In order to facilitate learning, we need to place ourselves in dissonance--places where our world views don't work. Then we adjust. This is a painful paradox because it would seem that comfort is also a foundational objective for humans, and stability sooths like few other things.

Training is a much more basic process of learning how to do a specific task within our world views. It is a more primitive skill, I'd guess, in an evolutionary sense. Training little interests me. It is structural as I use the term and rarely associated with meaningful learning in any direct sense.

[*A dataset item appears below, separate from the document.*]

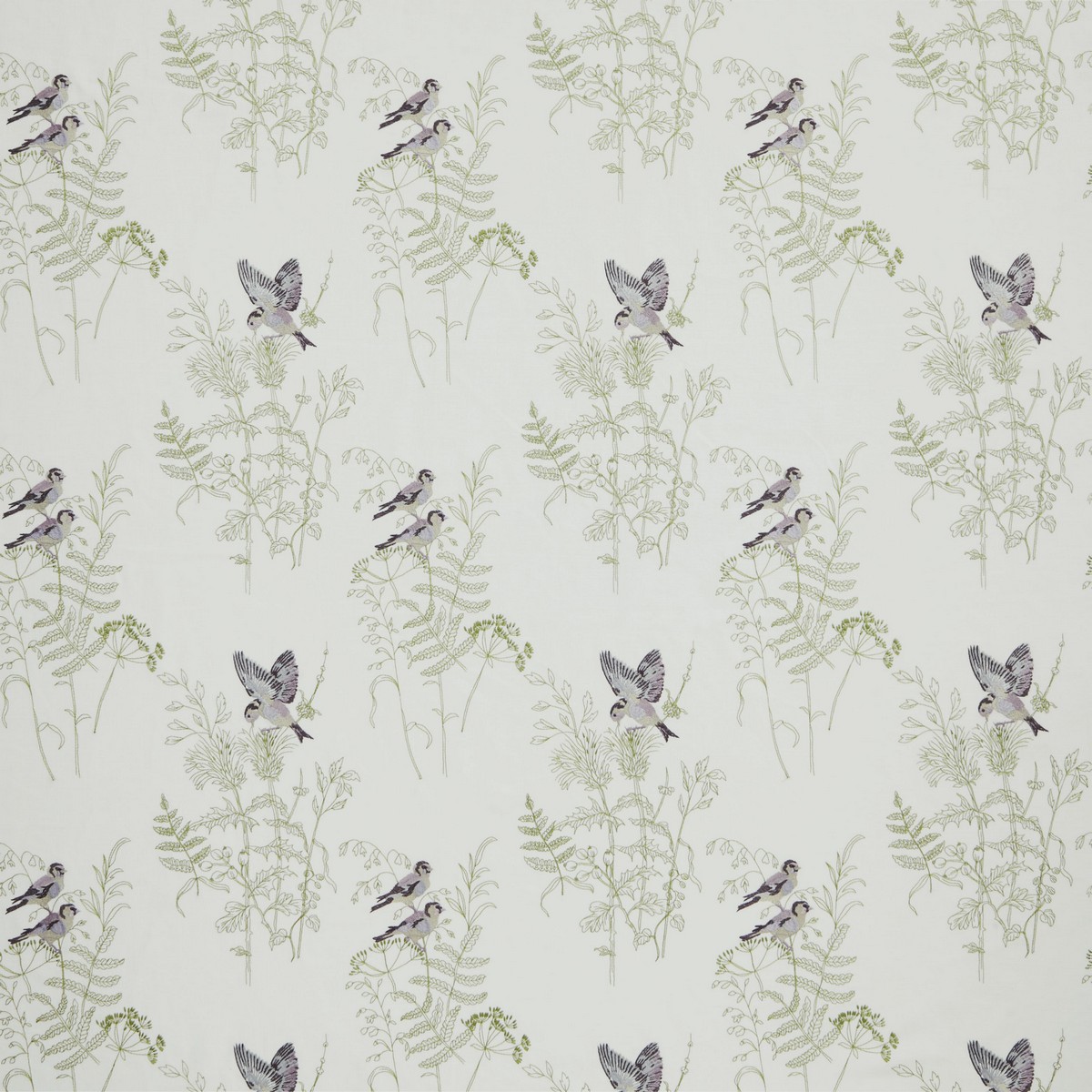 Gold Finch Rose Fabric by iLiv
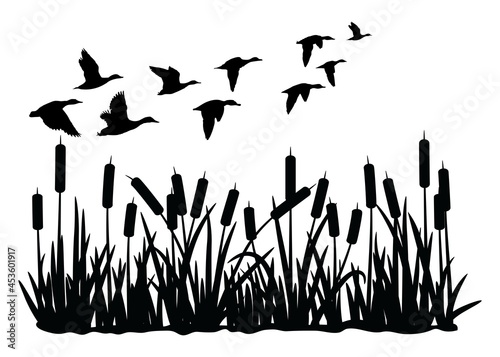 vector silhouette of duck bird flock flight over marsh herbs isolated on white background. group of wild ducks and typhaceae marsh herb with leaves and spike flowers.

What some consultants/scholars, etc. call knowledge management is more akin to what I am calling learning. But KM also incorporates the training on how to replicate basic functions that transfer culture and economic structures from one party to another. It is sort of a bridge concept. Institutions, are, structurally interlinked generation to generation for knowledge management. I've written on all this before, for the most part.

The great variable in knowledge/training/learning (and their variations) is time...time to application of learning; time of relevance of learning; inscrutable time.

Humans organize rationally over time. We call this planning. The best planning integrates learning and expectations for further learning, but few humans or human institutions do very well at this highly complex task. Most plan in a rather static and mindless rather than mindful way. We are so bad at planning that it is now increasingly common to hear it argued we are better off not planning--a discouraging view. But so it may be in some instances.

The crux of time knowledge is a capacity to cope. The crux of leadership is enabling that learning. These together form the great challenges of this century. So far I am not optimistic about the likely outcomes. One would prefer to end the year optimistically, but false optimism is the worst sort of poison to learning.

Sunday, December 30, 2007

One Tool Fallacy

It interests me that people seem to keep searching for the one application where they can spend the bulk of their time. At the very same time I cannot help but notice that nearly everyone is using a proliferation of not only tools but platforms on which to run tools.

A great deal of time is no doubt spent with integration. But it is a sort of building on sand project I think. Just as firms of old used to chase the Holy Grail of unified systems (remember SAP?), now individuals hope to have self-info-hegemony.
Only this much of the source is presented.